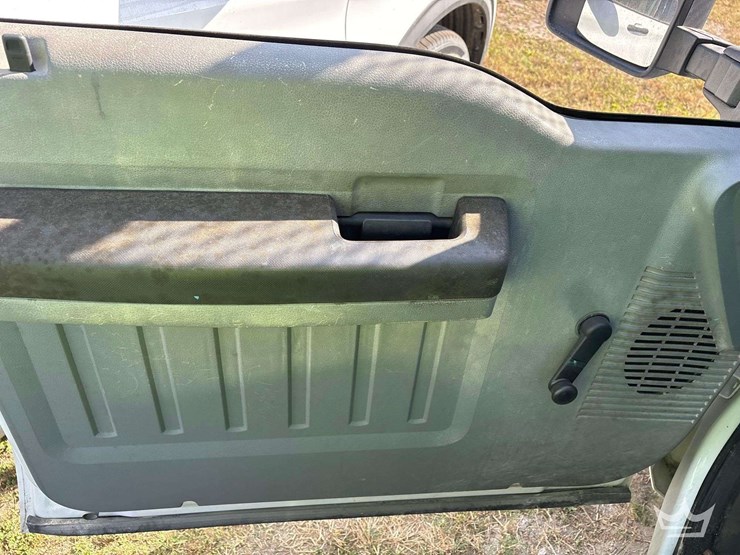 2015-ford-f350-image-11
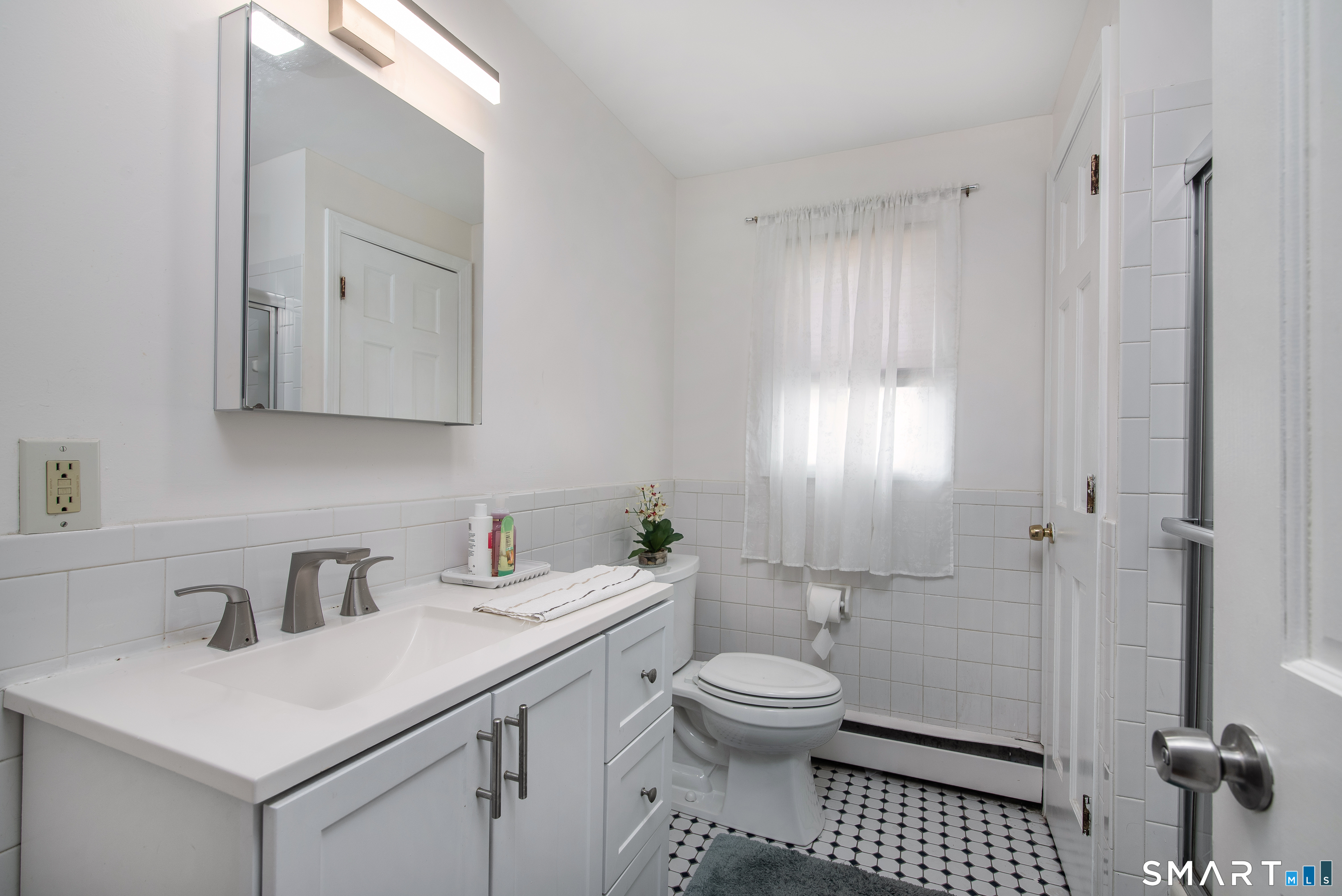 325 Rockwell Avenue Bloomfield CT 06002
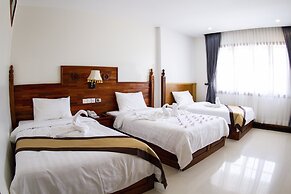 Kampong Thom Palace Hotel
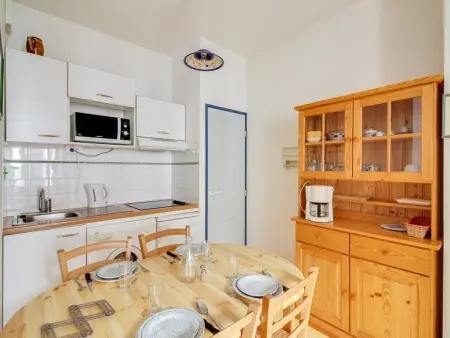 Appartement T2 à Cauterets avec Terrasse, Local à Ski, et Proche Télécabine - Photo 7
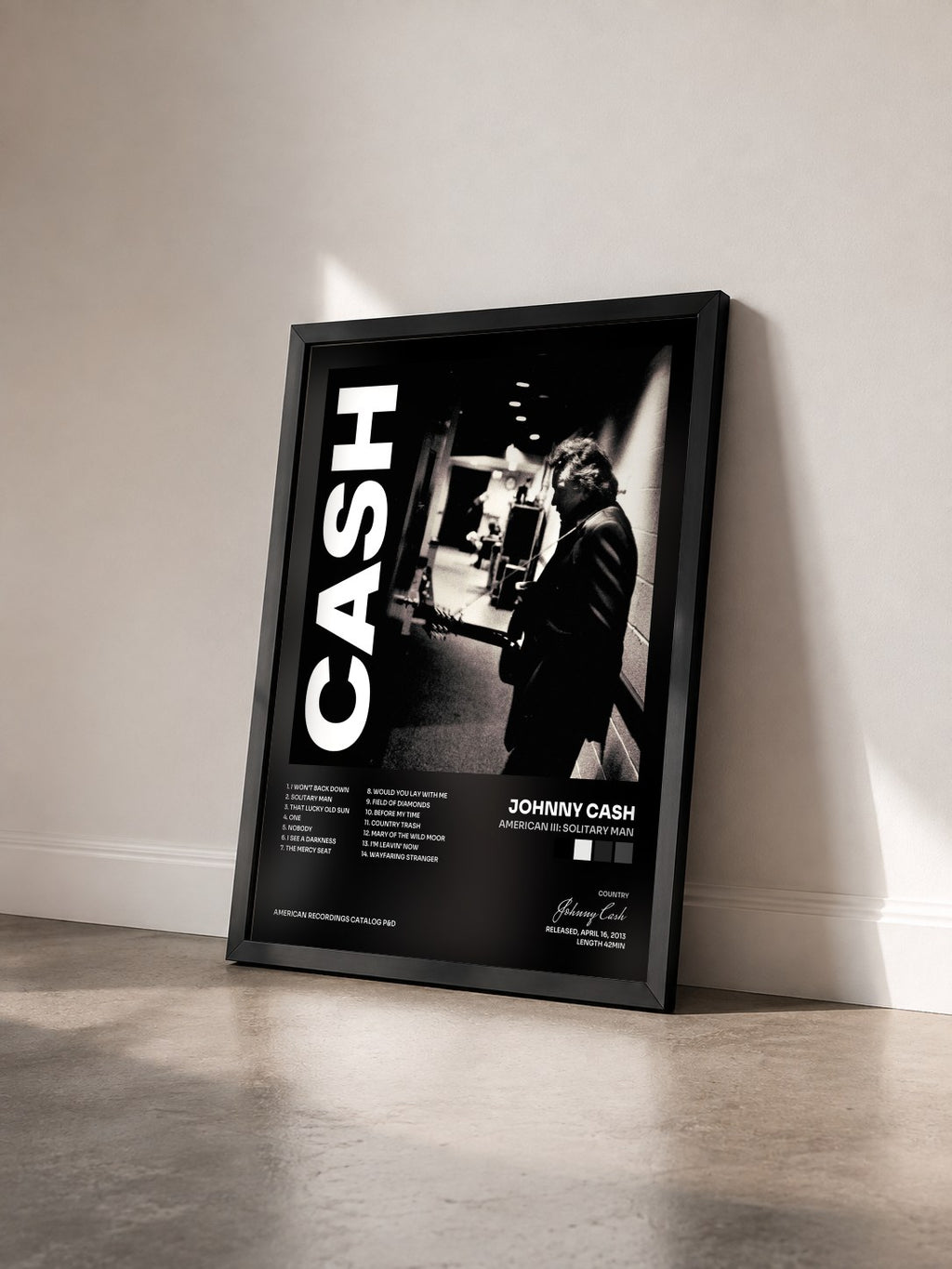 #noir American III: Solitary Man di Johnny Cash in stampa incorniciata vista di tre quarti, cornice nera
###
* [Work request]: Write out all the data exactly, minus pictures.

* [Result for this exercise]:
 2015-ford-f350-image-11
 325 Rockwell Avenue Bloomfield CT 06002
 Kampong Thom Palace Hotel
 Appartement T2 à Cauterets avec Terrasse, Local à Ski, et Proche Télécabine - Photo 7
 #noir American III: Solitary Man di Johnny Cash in stampa incorniciata vista di tre quarti, cornice nera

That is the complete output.